What’s the deal: The primary dispute between the ILA and the USMX centers around automation and wages. The union is demanding a ban on the automation of cranes, gates, and container trucks, which they argue would lead to significant job losses and undermine worker security. In addition to resisting automation, the ILA is pushing for a wage increase of 77% over the duration of the contract.
Concerns: If the longshoremen go on strike, it could have severe economic consequences, disrupting supply chains and international trade. These ports handle over half of the nation’s imports and exports, with a daily trade value exceeding $2.1 billion. A strike could lead to significant delays in shipping, creating backlogs that might last for weeks or months, particularly during a critical period for retailers ahead of the holiday season. Economic estimates suggest the strike could cost the economy between $600 million and $5.5 billion per day, raising the prices of consumer goods, exacerbating inflation, and potentially causing shortages. A prolonged strike could also have ripple effects across industries reliant on timely imports and exports, further straining the US economy.
What the White House is saying: In a statement, White House spokeswoman Robyn Patterson said, “We support collective bargaining. We believe it’s the best way for both American workers and employers to come to a fair agreement — one that benefits the workers in a way that reflects the success of the companies.” Patterson also confirmed that top White House officials have been in contact with USMX representatives and have urged “them to come to a fair agreement fairly and quickly.”
What both sides are saying:
Longshoremen: In a statement, the ILA said, “The Ocean Carriers represented by USMX want to enjoy rich billion-dollar profits that they are making in 2024, while they offer ILA Longshore Workers an unacceptable wage package that we reject.

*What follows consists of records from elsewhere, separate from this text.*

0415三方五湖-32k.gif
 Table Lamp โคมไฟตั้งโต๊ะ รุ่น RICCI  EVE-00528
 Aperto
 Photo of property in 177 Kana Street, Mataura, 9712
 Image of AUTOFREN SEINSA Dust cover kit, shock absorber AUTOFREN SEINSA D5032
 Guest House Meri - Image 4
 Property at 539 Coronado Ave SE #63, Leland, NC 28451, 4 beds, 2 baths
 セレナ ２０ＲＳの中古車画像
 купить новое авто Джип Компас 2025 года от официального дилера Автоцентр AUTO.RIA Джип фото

ILA longshore workers deserve to be compensated for the important work they do keeping American commerce moving and growing. It’s disgraceful that most of these foreign-owned shipping companies are engaged in a ‘Make and Take’ operation: They want to make their billion-dollar profits at United States ports, and off the backs of American ILA longshore workers, and take those earnings out of this country and into the pockets of foreign conglomerates.”
USMX: In a brief statement, USMX said they “have been clear that we value the work of the ILA and have great respect for its members. We have a shared history of working together and are committed to bargaining.”